Solved: Process unavailable alert after Pod was destroyed and restarted

GAnantula · ‎16 Nov 2020

We have Dynatrace OneAgent installed on the OpenShift platform. We have enabled the "Availability Monitoring" (PROCESS_UNAVAILABLE option) for a service on Process Group level and we noticed that a Problem card was created when one Pod was manually destroyed (to address an issue) and new pod was started for the same service. However, the problem card didn't close after the new process was spun as I believe the 5 characters at the end of the Kubernetes full pod name is different from the previous one, which is expected.

Usually the "Process unavailable" events will not be closed automatically until Dynatrace detects the same process.

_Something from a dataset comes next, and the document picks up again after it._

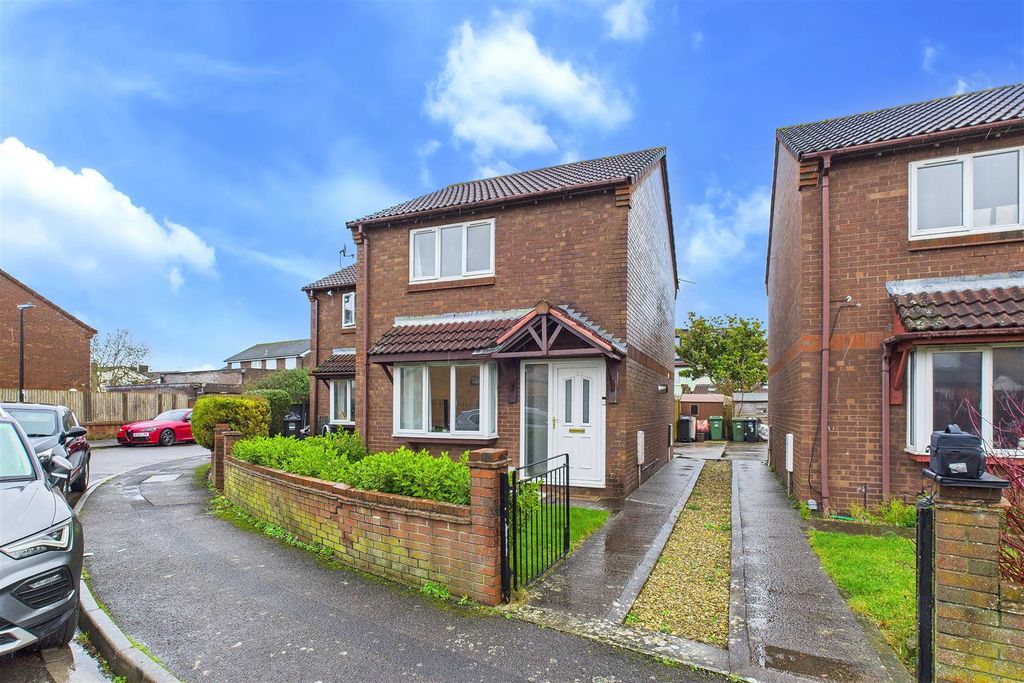 Property photo 1 of 12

But in this case the Problem card is (still) open for more than 2 days and needs to be manually closed.

Process name identified by dynatrace is "archive-4-c6hfg" before the pod was destroyed.

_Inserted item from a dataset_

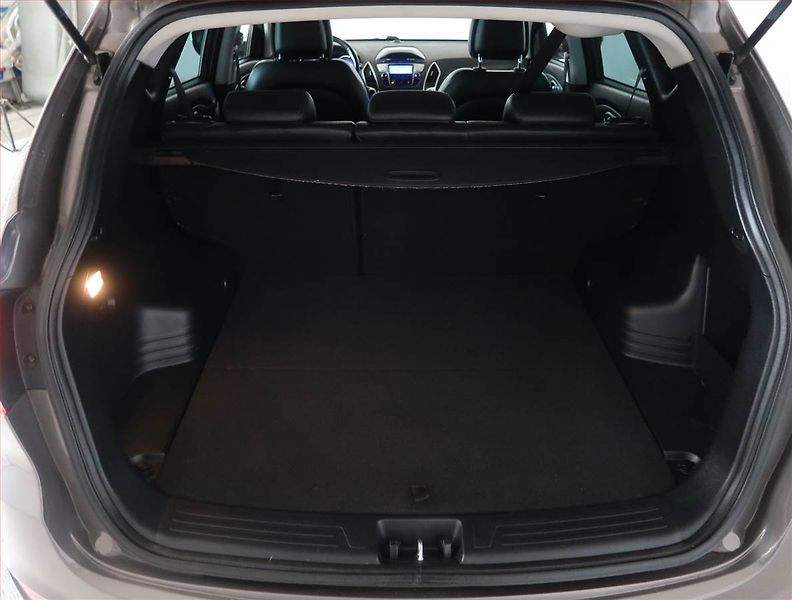 Hyundai ix35 (2013) 1.6 GDI, Tempomat - fotka 13 z 14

Process name identified by dynatrace is "archive-4-abc7d" AFTER the new pod was started.

Questions:

Is there anyway for Dynatrace to detect that a new Pod was started after that Pod was destroyed even with "PROCESS_UNAVAILABLE" option selected for "Availability Monitoring"? This way we don't need to close the Problem card manually in Dynatrace.
Is "PROCESS_GROUP_LOW_INSTANCE_COUNT" option for "Availability Monitoring" the only way to have Dynatrace identify and close the problem card automatically in this case?

Please advise.

Thanks,

Ganesh

Anonymous · ‎16 Nov 2020

Well the situation AFIK is the expected behavior:

Dynatrace will open a new problem if a single process in this group shuts down or crashes. Details of the related impact on service requests will be included in the problem summary.
Note:If a process is intentionally shutdown or retired while this setting is active, you'll need to manually close the problem.

Maybe a better option is to set a minimum of process, as you said.

Or better shut the setting of? For Pods like, the process name will always be different since the last part of the name -xxxx is random id. Is expected behavior also. Unless you have a custom rule for process detection.

Also, DT should detect with out the need of such setting if the process has a problem / if crash or is not working and not responding to requests.